### Task objective
Check every line of the entries for "Download", and copy the lines that hold it.

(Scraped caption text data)
..............................

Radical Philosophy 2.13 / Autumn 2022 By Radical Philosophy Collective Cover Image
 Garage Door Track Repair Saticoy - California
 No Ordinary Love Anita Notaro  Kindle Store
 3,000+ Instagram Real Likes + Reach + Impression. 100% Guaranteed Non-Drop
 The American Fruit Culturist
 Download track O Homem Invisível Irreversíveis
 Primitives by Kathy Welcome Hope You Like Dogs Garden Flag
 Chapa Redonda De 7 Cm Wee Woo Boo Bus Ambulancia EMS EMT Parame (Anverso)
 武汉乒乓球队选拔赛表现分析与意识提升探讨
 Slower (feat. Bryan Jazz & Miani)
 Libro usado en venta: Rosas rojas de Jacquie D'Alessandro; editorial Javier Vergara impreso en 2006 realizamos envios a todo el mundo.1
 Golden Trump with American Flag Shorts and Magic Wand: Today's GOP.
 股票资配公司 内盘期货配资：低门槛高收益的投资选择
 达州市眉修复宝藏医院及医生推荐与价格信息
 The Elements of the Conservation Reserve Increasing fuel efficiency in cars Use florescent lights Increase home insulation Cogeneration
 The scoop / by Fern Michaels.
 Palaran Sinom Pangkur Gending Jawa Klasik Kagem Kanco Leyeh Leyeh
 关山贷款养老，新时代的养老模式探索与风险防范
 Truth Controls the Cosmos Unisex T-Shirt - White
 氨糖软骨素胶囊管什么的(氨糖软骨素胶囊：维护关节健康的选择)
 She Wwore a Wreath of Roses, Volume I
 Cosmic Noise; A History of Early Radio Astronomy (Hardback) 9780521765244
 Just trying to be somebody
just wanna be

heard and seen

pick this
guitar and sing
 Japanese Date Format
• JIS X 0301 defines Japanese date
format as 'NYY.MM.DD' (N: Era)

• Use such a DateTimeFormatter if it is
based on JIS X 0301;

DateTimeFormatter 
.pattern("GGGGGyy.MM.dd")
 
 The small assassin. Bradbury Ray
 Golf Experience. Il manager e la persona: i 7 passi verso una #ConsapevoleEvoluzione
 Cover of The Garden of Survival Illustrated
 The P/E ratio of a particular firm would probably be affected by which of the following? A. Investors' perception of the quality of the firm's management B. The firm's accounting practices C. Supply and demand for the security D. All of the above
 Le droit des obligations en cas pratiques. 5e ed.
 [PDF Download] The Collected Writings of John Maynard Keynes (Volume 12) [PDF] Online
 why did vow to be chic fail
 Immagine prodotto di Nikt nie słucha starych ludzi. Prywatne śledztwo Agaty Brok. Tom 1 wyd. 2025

..............................

### Response box
 Download track O Homem Invisível Irreversíveis
 [PDF Download] The Collected Writings of John Maynard Keynes (Volume 12) [PDF] Online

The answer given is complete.